Eduardo Cunha afirmou que os deputados que não queriam financiamento direto para candidatos sentiram-se "mais confortáveis" com a proposta de hoje. "Que aliás era o texto original. O que aconteceu foi um erro ontem, um erro político. Acabou não tendo ontem aprovação e hoje, na medida que era (doação) por partido, os deputados se sentiram mais confortáveis para votar."
Doações de empresas a candidatos e partidos políticos estão na berlinda devido às revelações de irregularidades pela Operação Lava Jato.
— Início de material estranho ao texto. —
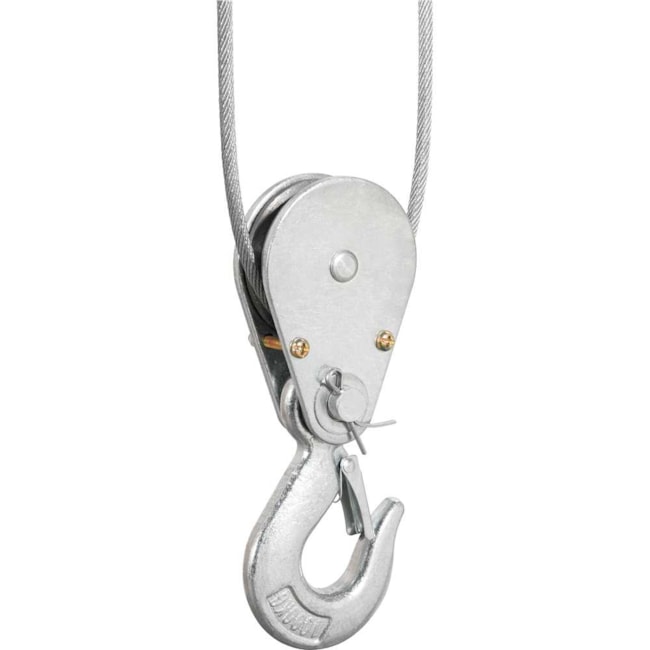 Guincho Elétrico 0.3 Tonelada 6 Metros 6195600220 VONDER-dd762cb3-e01a-4129-a4cc-03ced5b5abc1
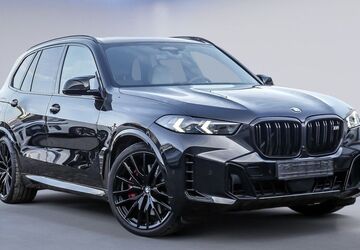 BMW X5 M60 14.931 km 92.700 &euro; Weißenthurm 56575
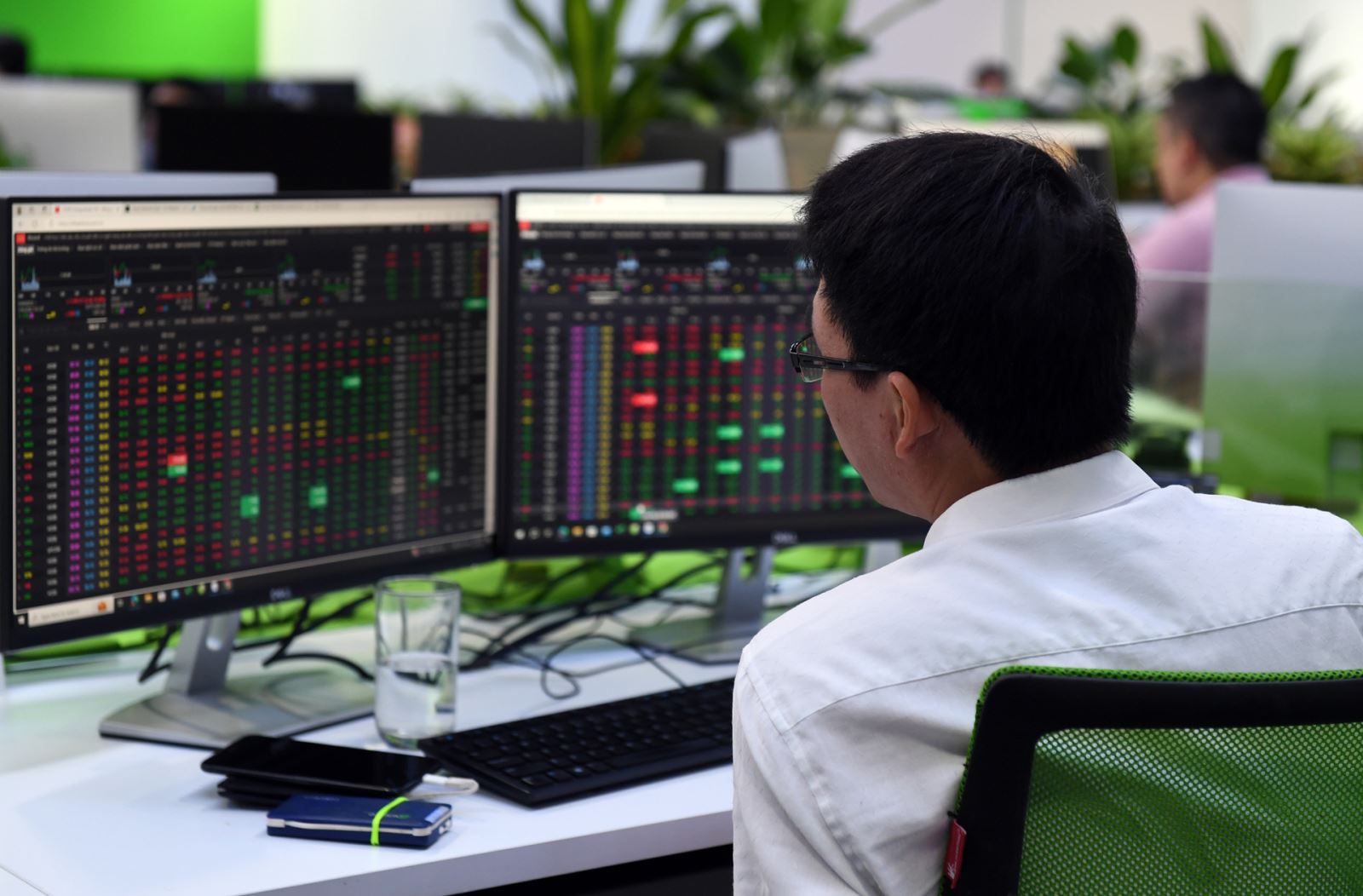 AI NEWS - Nền tảng tin tức chứng khoán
As investigações apontam que empresas teriam financiado campanhas de políticos de diversos partidos com recursos públicos desviados da Petrobras.
Alvo de maior desgaste devido à operação, o PT anunciou recentemente que continuará recebendo doações de empresas, mas proibiu seus candidatos de serem financiados diretamente por companhias.
Antes da aprovação das doações empresariais, foram rejeitadas as propostas de permitir que as campanhas fossem financiadas apenas por recursos públicos ou também por doações de pessoas físicas.
Caso o financiamento empresarial passe nas próximas votações da Câmara e do Senado, os limites máximos de arrecadação e os gastos de recursos para cada cargo eletivo deverão ser definidos em lei.
Fim da reeleição
O fim da reeleição foi aprovado por ampla maioria dos deputados, com raro consenso entre os três principais partidos: PMDB, PSDB e PT. Foram 452 votos a favor e apenas 19 contra.
Os parlamentares ressaltaram, no entanto, que o fim da possibilidade de candidatar-se para um segundo mandato consecutivo não atinge atuais governadores e prefeitos, que poderiam fazê-lo em 2016 e em 2018.
O mecanismo foi aprovado em 1997, por interesse do PSDB, que queria manter Fernando Henrique Cardoso mais quatro anos na Presidência. A aprovação na medida no Congresso na época foi controversa e houve denúncia de compra de votos.
O argumento dos que criticam hoje a reeleição é que o candidato que está no poder tem vantagem na corrida eleitoral, já que controla a máquina pública.
Além disso, os opositores da medida afirmam que os governantes conduzem a administração já pensando na renovação do seu mandato. "Há muitos problemas, principalmente em prefeituras menores, (prefeitos) que acabam fazendo mandatos em função da reeleição", disse Eduardo Cunha.
Dois cientistas políticos ouvidos pela BBC Brasil, porém, criticaram a ideia de acabar com a possibilidade de reeleição. Para Antonio Lavareda, professor da Universidade Federal de Pernambuco, ela é positiva na medida em que "ajuda a possibilitar a continuidade por um período maior de algumas políticas públicas".
Já Rafael Cortez, da consultoria Tendências, considera que a possibilidade de conquistar um segundo mandato é "um incentivo para o bom comportamento dos governos".
Duração dos mandatos e voto facultativo
A alteração do tempo de duração dos mandatos para cinco anos e a coincidência de todos os mandatos – de modo que as eleições municipais, estaduais e federal ocorram no mesmo ano – ainda devem ser votados nesta semana, no que promete ser mais uma sessão polêmica.
Quem defende a coincidência das eleições argumenta que as eleições "param o país", ao mudar o foco dos políticos de seus mandatos para a disputa eleitoral.
No entanto, especialistas consultados pela BBC Brasil criticam a medida. Rafael Cortez, da consultoria Tendências, considera que a realização de eleições municipais na mesma data que os pleitos presidencial e estaduais geraria um excesso de informação a ser assimilado pelo eleitor e poderia tirar atenção das disputas locais.
A proposta de voto facultativo está prevista para ser uma das últimas em votação. Atualmente, o voto é permitido a partir dos 16 anos e obrigatório para quem tem entre 18 anos e 60 anos - dentro dessa faixa etária, quem deixar de votar precisa justificar a falta ou pagar uma multa. Caso não o faça, fica sujeito a penalidades.
O voto facultativo é adotado em boa parte dos países desenvolvidos. Dessa forma, um dos maiores desafios dos candidatos é convencer o leitor a exercer seu direito. Em muitos países, o ceticismo em relação à política tem provocado baixos índices de comparecimento às urnas.